Your copy should contain exactly the lines from the start of the listing through the line that holds "Peaceful sleeping newborn", and no pictures.

_ _ _ _ _ _ _

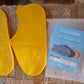Waterproof silicone shoe covers worn over shoes in an outdoor setting.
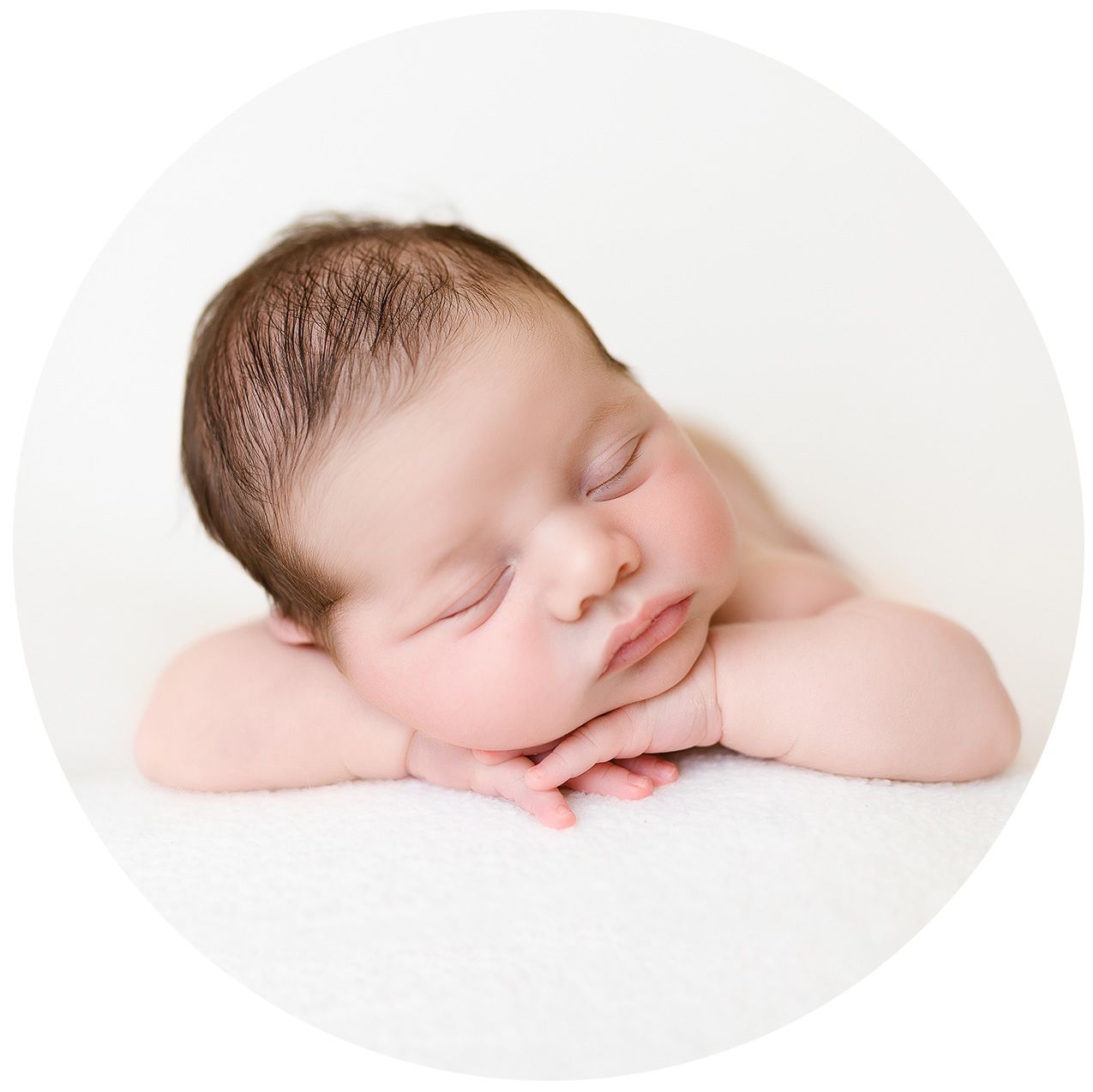 Peaceful sleeping newborn baby in soft natural light rests on a white background showing multiple dreamy poses.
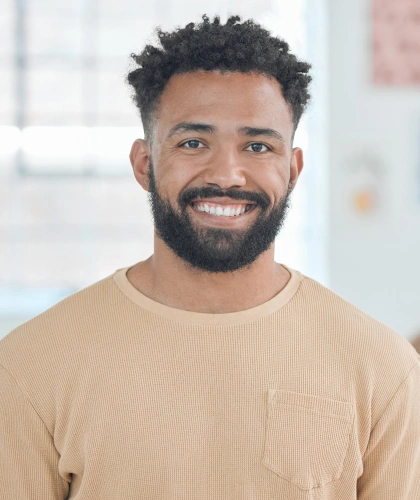 Smiling man in beige shirt, professional headshot in dental office setting.
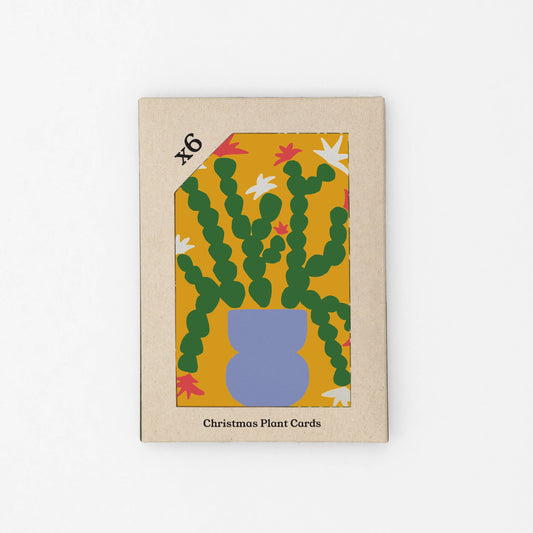 Pack of six botanical Christmas plant cards in a greyboard gift box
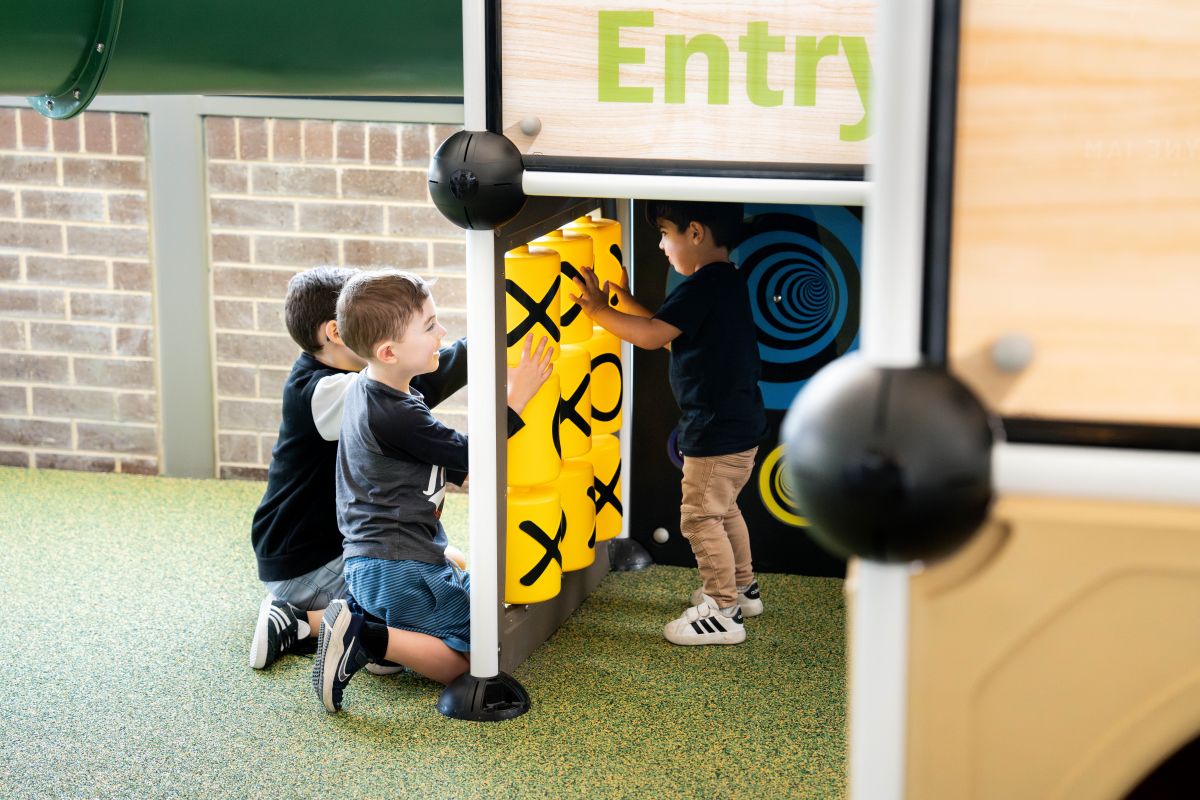  Kids having fun in a vibrant play area, with a clear sign indicating "Enter" nearby.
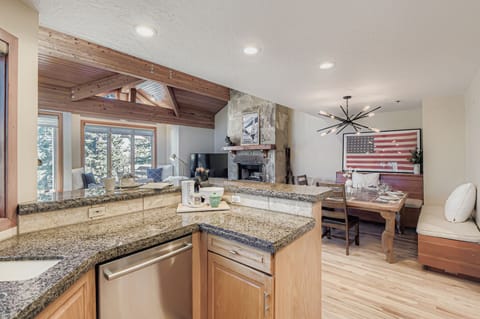 Cook in a gourmet rustic kitchen! Featuring stunning granite countertops, high-end stainless steel appliances, custom knotty-wood cabinetry, and unique bear-themed bar stools.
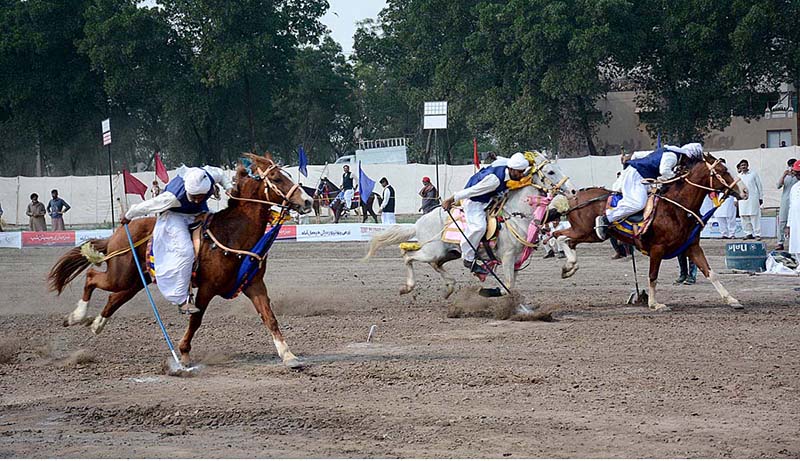 Players in action during last day of tent pegging championship organized by University of Agriculture Faisalabad (UAF) at its Sports Ground in connection with Spring Festival celebrations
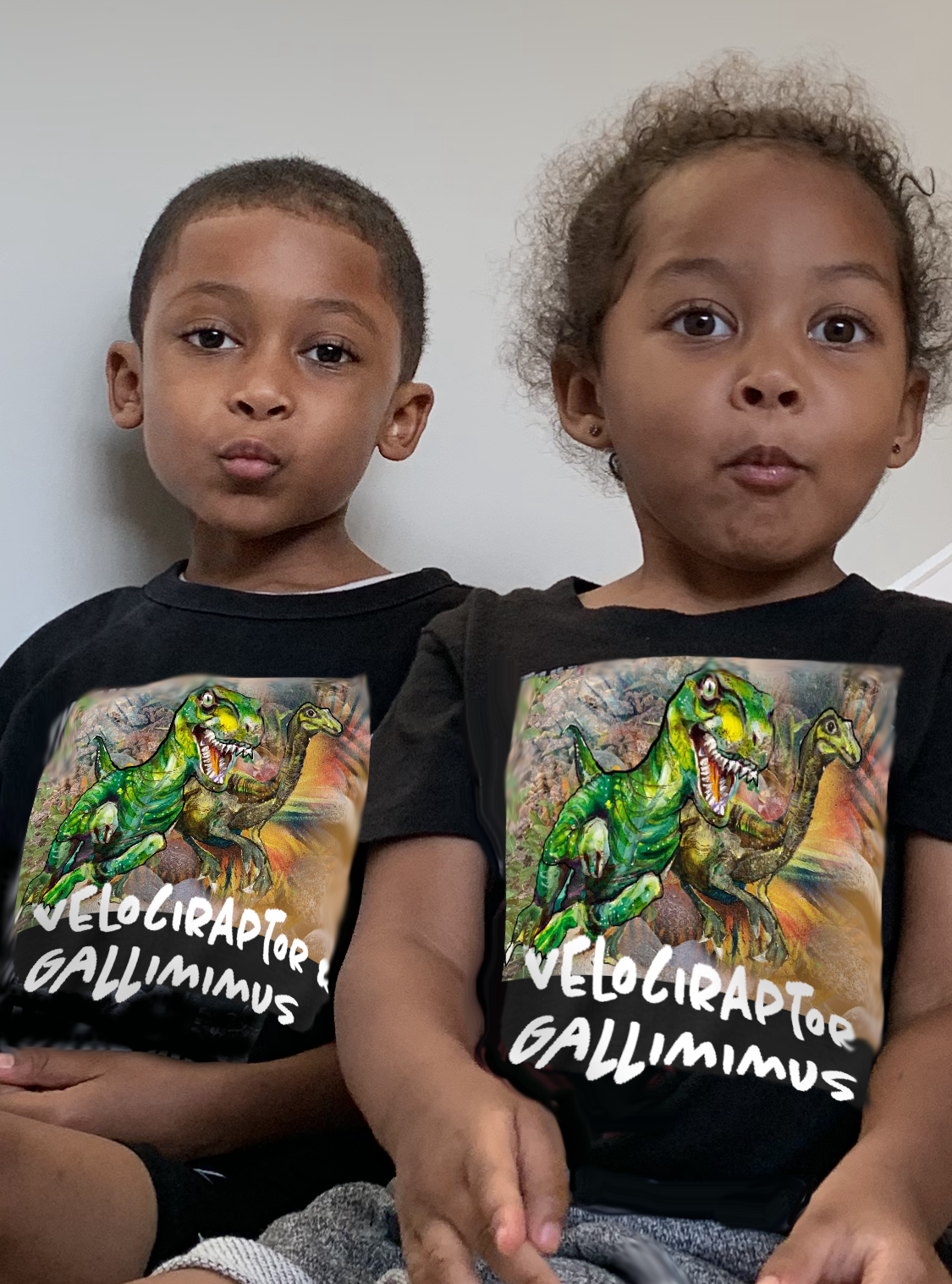 Two children wearing dinosaur tee shirts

_ _ _ _ _ _ _

• **EXPECTED OUTPUT**
Waterproof silicone shoe covers worn over shoes in an outdoor setting.
 Peaceful sleeping newborn baby in soft natural light rests on a white background showing multiple dreamy poses.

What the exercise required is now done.